Records >>
========================================

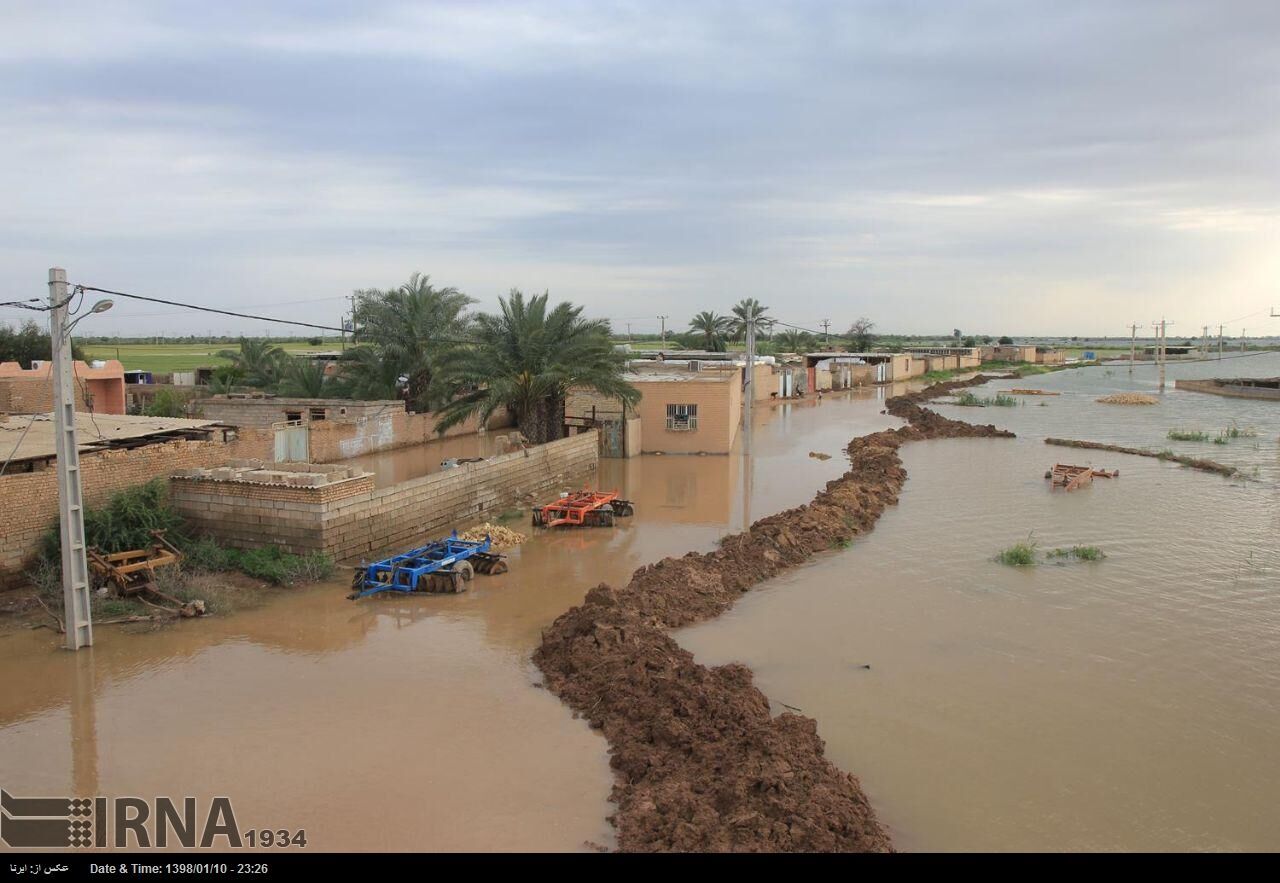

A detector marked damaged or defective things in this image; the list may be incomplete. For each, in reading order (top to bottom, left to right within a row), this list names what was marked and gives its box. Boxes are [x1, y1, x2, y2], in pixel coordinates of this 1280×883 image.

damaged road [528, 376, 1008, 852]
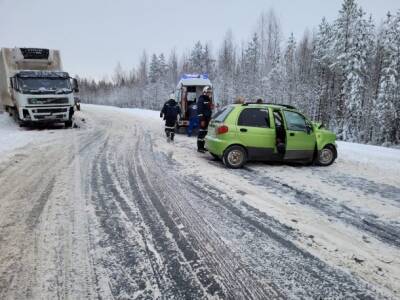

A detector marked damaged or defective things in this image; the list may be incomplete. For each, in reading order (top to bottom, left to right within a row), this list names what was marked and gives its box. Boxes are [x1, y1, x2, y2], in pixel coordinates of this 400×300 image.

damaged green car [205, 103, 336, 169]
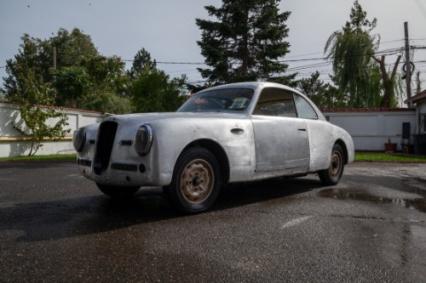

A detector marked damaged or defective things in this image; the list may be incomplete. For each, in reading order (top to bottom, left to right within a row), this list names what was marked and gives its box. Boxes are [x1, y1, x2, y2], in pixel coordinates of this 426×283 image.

========================================

Directions for this task >> The expected answer is the data retyped exactly, without pictures.

Solution >>
A detector marked damaged or defective things in this image; the list may be incomplete. For each, in reading order (top to bottom, left to right within a row), this list names what was marked and gives its box. Boxes are [x1, y1, x2, y2], in pixel coordinates of this 1280×883 image.

damaged road [528, 376, 1008, 852]

A detector marked damaged or defective things in this image; the list may be incomplete. For each, in reading order (top to bottom, left to right within a row), this list names what was marked and gives its box. Boxes are [x1, y1, x2, y2], in pixel coordinates of this 400×300 image.

damaged green car [205, 103, 336, 169]

A detector marked damaged or defective things in this image; the list may be incomplete. For each, in reading order (top to bottom, left to right within a row), this list names what was marked and gives its box. Boxes are [x1, y1, x2, y2], in pixel coordinates of this 426×283 image.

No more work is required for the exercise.